◆ AIM OF THE TASK
All entries below must be retyped exactly, though pictures are to be skipped.

(Captioned web images)
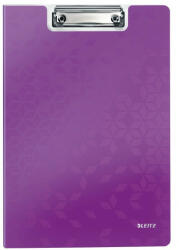 Leitz Felírótábla LEITZ Wow A/4 kemény műanyag fedeles lila (41990062) - team8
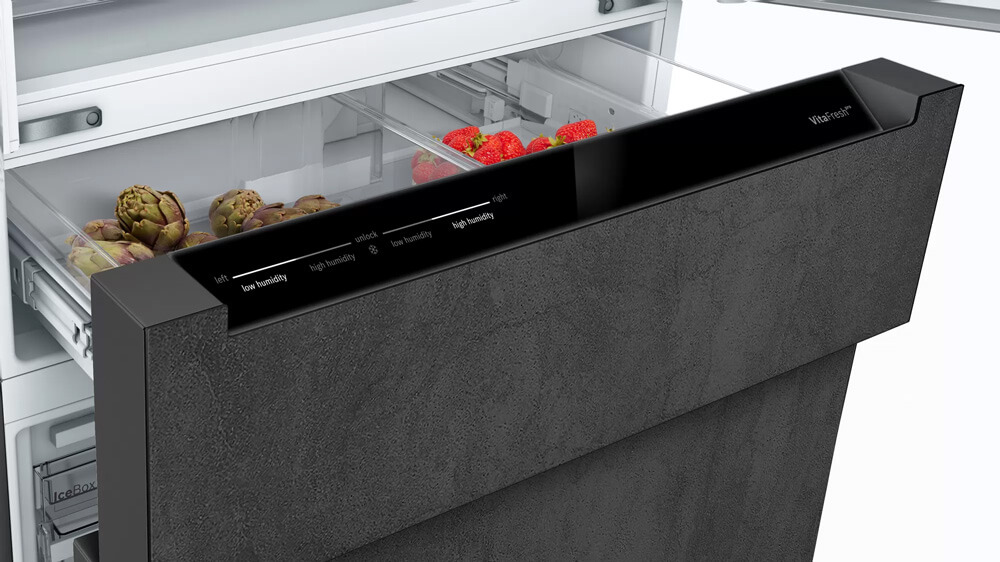 Hệ thống bảo quản thực phẩm đạt chất lượng cao.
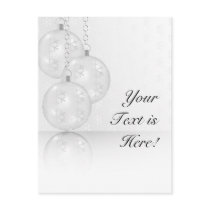 Christmas Background Postcards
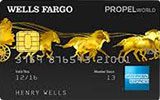 Learn more about Wells Fargo Propel World American Express Card  issued by Wells Fargo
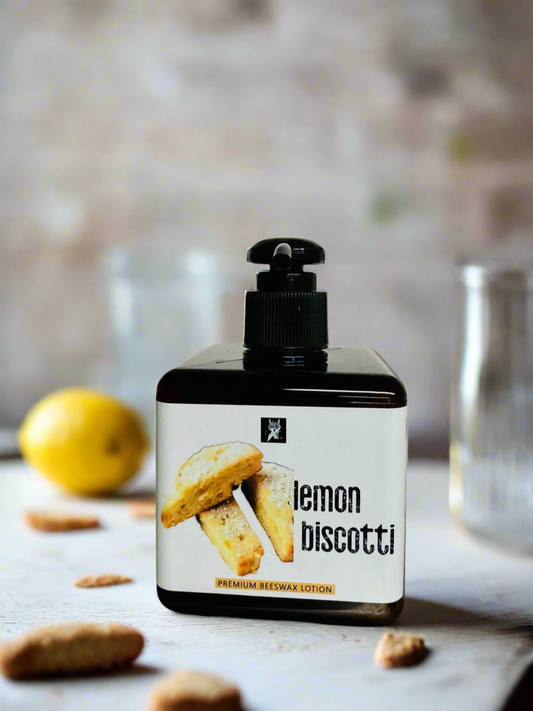 LEMON BISCOTTI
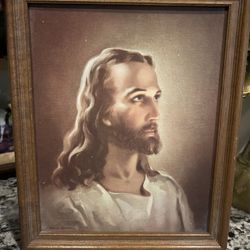 Vintage picture Of Jesus 1940
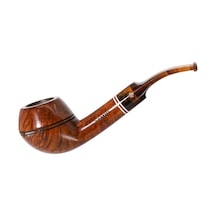 Şahin Üç Yıldız 304 9mm. Filtreli Akrilik Saplı Pipo 237671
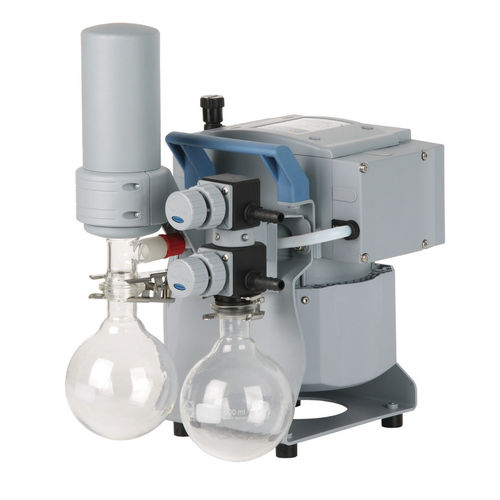 Membran-Vakuumpumpe - MZ 2C NT +AK SYNCHRO+EK - VACUUBRAND - ölfrei / Zwei-Stufen / Wasser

◆ SOLVED EXERCISE
 Leitz Felírótábla LEITZ Wow A/4 kemény műanyag fedeles lila (41990062) - team8
 Hệ thống bảo quản thực phẩm đạt chất lượng cao.
 Christmas Background Postcards
 Learn more about Wells Fargo Propel World American Express Card  issued by Wells Fargo
 LEMON BISCOTTI
 Vintage picture Of Jesus 1940
 Şahin Üç Yıldız 304 9mm. Filtreli Akrilik Saplı Pipo 237671
 Membran-Vakuumpumpe - MZ 2C NT +AK SYNCHRO+EK - VACUUBRAND - ölfrei / Zwei-Stufen / Wasser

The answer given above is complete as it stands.